- Task requirements -
Using the data below, print exactly the line with "10 Inch Chime", the line with "VINTAGE NIKE TRACK PANTS (M)", and every line between them, but none of the pictures.

- Supplied data -
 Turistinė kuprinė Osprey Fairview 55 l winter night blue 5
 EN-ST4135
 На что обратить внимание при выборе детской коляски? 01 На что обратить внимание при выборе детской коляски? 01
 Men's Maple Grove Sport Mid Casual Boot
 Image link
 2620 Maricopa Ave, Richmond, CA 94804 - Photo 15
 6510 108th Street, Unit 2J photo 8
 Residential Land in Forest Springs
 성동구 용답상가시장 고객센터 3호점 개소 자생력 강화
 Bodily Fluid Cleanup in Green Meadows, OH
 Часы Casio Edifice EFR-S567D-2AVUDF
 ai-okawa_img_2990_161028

==

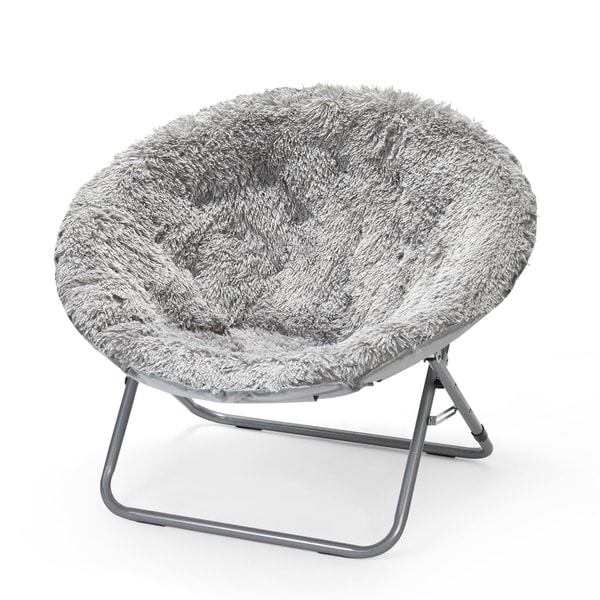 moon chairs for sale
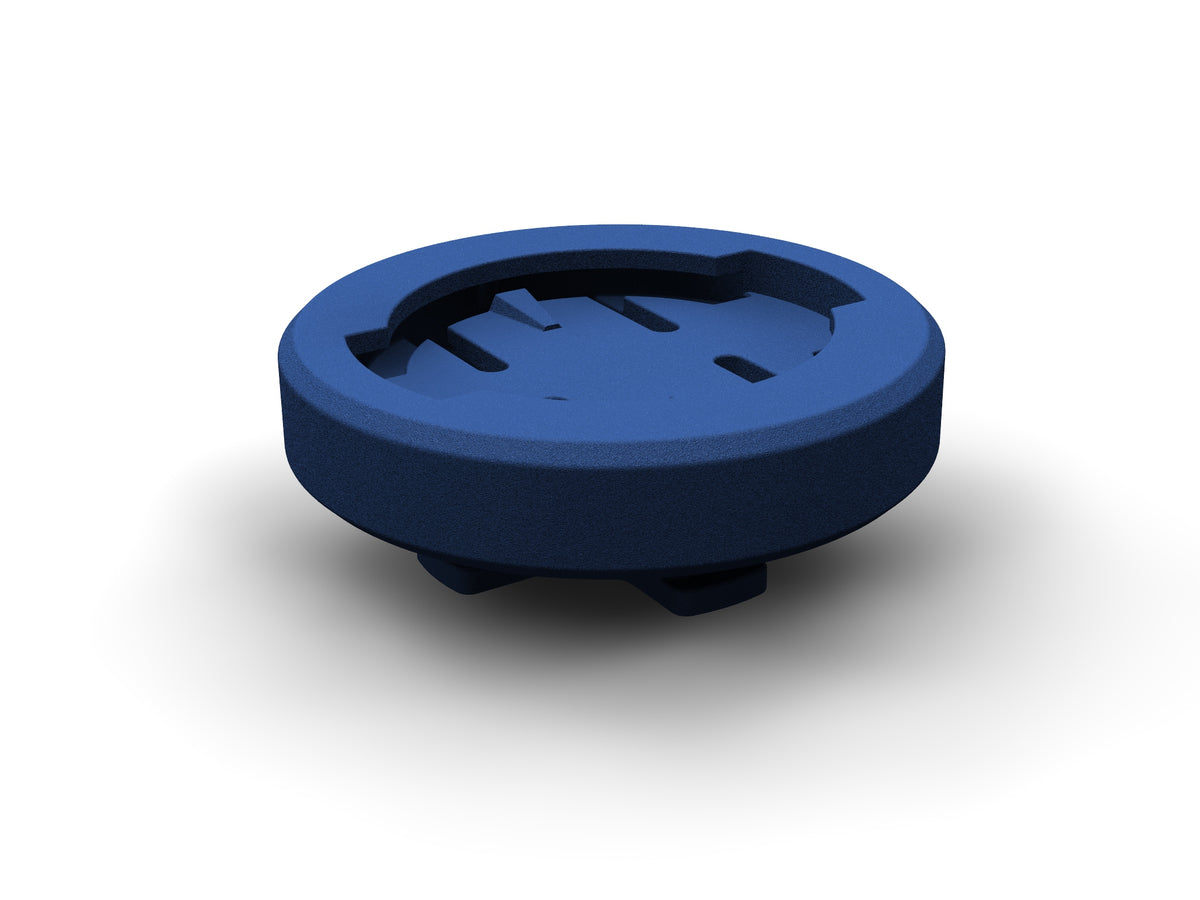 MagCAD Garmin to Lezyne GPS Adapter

---

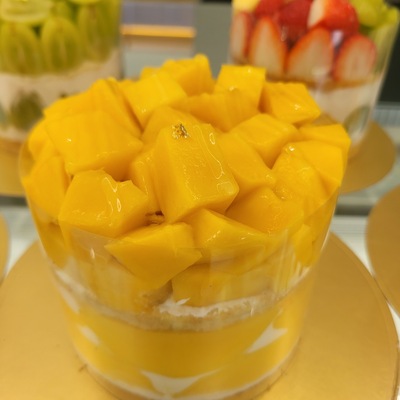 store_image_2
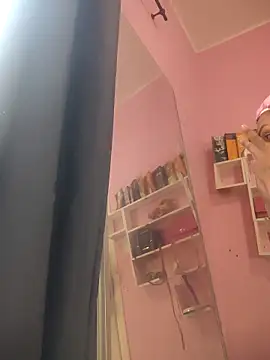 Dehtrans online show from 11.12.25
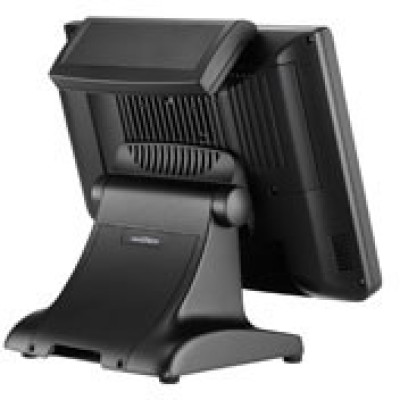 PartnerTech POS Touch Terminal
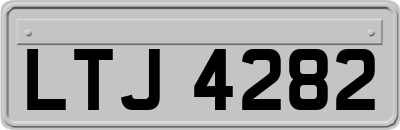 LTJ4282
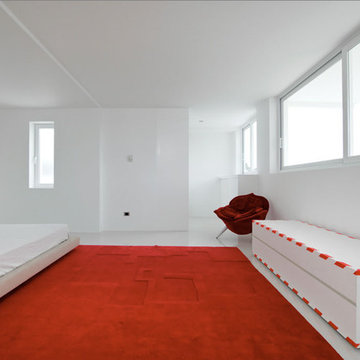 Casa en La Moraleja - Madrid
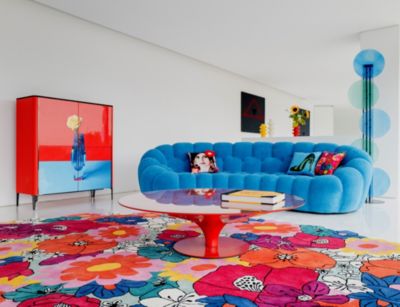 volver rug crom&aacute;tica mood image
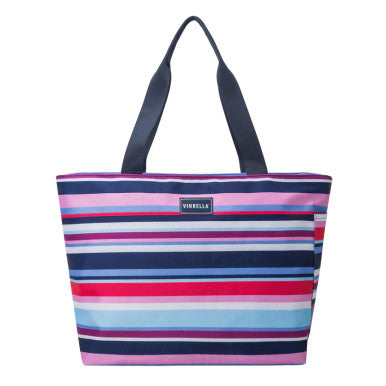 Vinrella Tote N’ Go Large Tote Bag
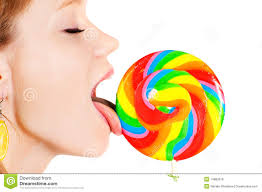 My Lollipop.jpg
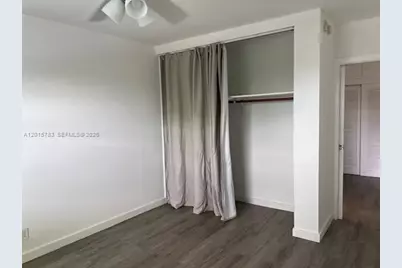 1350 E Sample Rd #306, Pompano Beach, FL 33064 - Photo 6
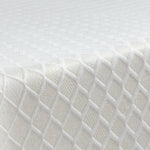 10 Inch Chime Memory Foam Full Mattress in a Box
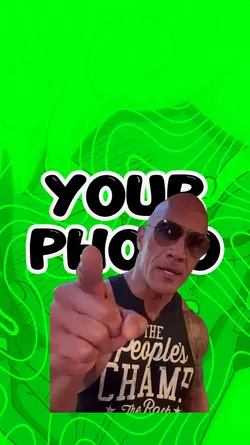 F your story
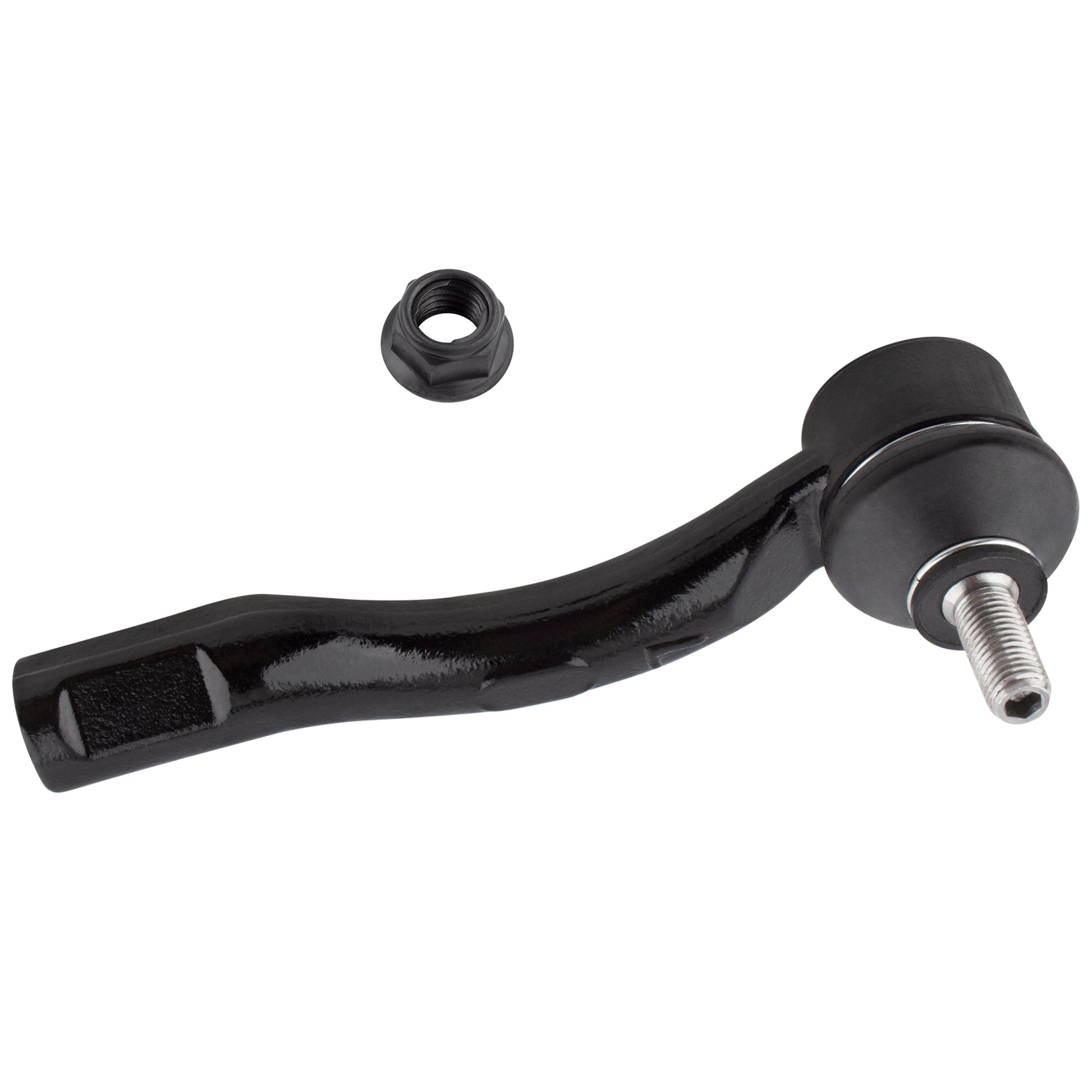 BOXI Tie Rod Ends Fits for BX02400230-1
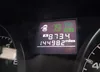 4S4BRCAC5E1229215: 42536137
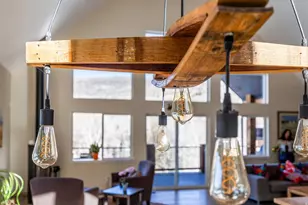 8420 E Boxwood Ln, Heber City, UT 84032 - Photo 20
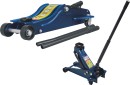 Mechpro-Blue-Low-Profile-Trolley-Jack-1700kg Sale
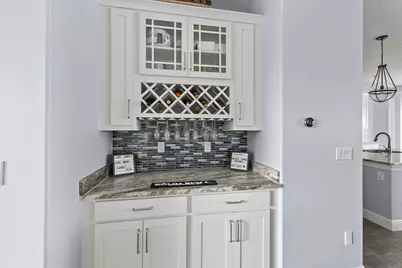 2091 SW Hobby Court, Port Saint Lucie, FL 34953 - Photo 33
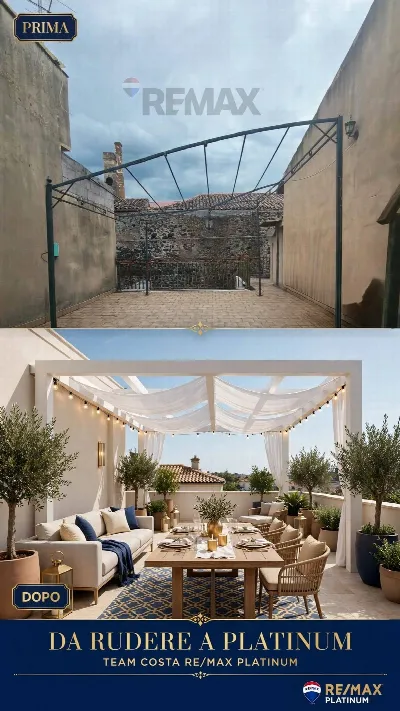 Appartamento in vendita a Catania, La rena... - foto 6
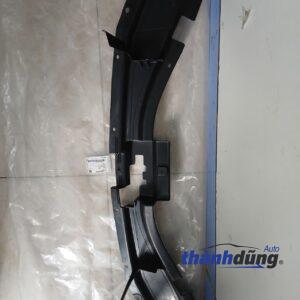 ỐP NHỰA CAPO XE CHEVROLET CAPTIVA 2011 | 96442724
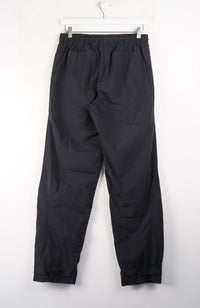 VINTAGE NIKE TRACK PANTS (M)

- Solution to this exercise -
 10 Inch Chime Memory Foam Full Mattress in a Box
 F your story
 BOXI Tie Rod Ends Fits for BX02400230-1
 4S4BRCAC5E1229215: 42536137
 8420 E Boxwood Ln, Heber City, UT 84032 - Photo 20
 Mechpro-Blue-Low-Profile-Trolley-Jack-1700kg Sale
 2091 SW Hobby Court, Port Saint Lucie, FL 34953 - Photo 33
 Appartamento in vendita a Catania, La rena... - foto 6
 ỐP NHỰA CAPO XE CHEVROLET CAPTIVA 2011 | 96442724
 VINTAGE NIKE TRACK PANTS (M)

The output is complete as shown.